増殖能、分化能、遺伝子発現にも大きな影響なし
研究結果によると、CASを用いて、ヒトiPS細胞由来の神経幹細胞を凍結保存すると、従来の緩慢凍結法と比べ、融解直後の細胞生存率が著明に向上。CASの磁場を0.22~0.29mT、0.30~0.40mT、0.37~0.50mTの各条件で比較検討すると、0.22~0.29mT、0.30~0.40mTの磁場下で凍結させた場合、従来の緩慢凍結法での生存率(約34%)と比べて、凍結融解後の細胞生存率は著明に向上し、最も高い生存率は約70%だった。

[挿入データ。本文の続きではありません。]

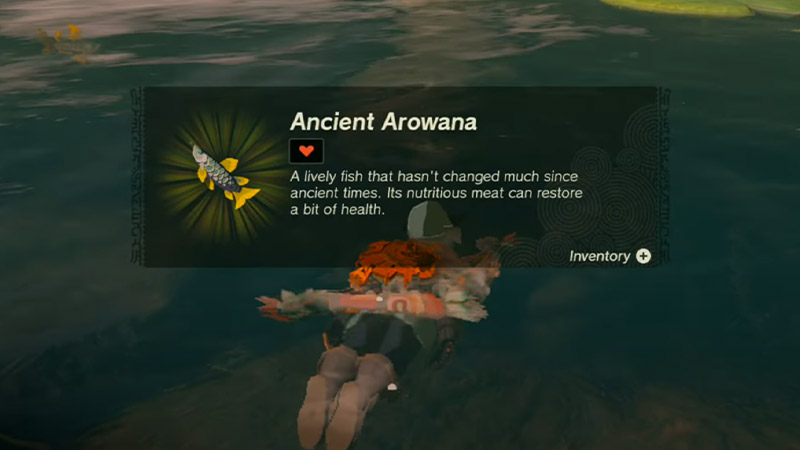 catch Ancient Arowana zelda totk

また、CASを用いた凍結保存後、融解したヒトiPS細胞由来の神経幹細胞は、従来の緩慢凍結法で凍結した場合と比較し、ニューロスフェア径も保たれており、細胞増殖能や分化能も凍結前と同等であり、凍結融解の与える影響も少ないと考えられた。さらに、凍結融解したヒトiPS細胞由来の神経幹細胞は、遺伝子発現解析でも凍結前と同等であり、凍結融解が遺伝子発現に与える影響も少ないと考えられた。

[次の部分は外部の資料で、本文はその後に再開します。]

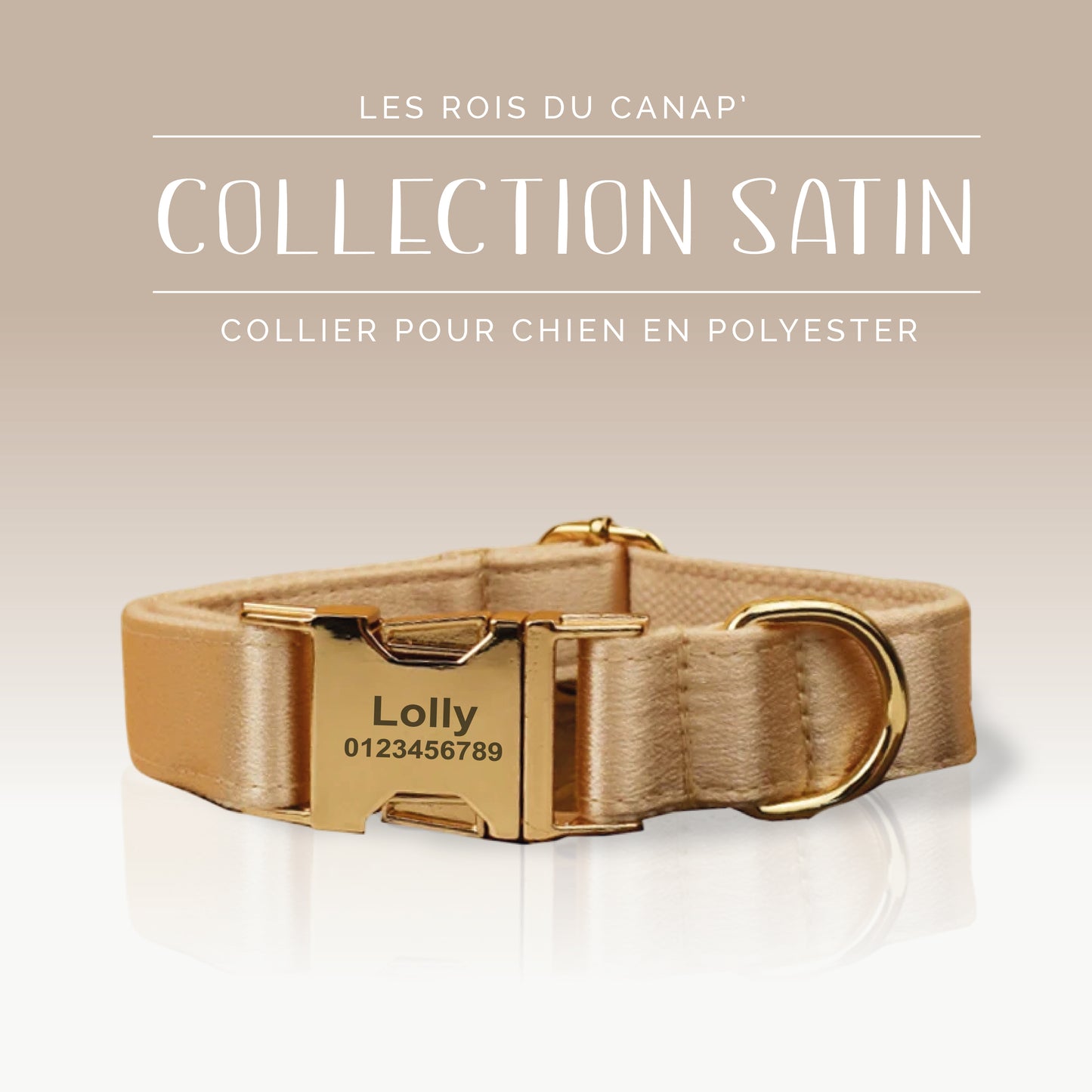 Collier Chien Personnalisé - Collection Satin Brillant - Or - Doré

研究により新たに開発したCASによるヒトiPS細胞由来の神経幹細胞の凍結保存法は、融解後の細胞生存率を向上させ、増殖能、分化能、遺伝子発現にも大きな影響を与えなかったことから、ヒトiPS細胞由来神経幹細胞の凍結保存およびバンク化に極めて有用であると考えられる。この成果によって、脊髄損傷に対する細胞移植による再生医療の臨床応用が大きく前進することが期待される。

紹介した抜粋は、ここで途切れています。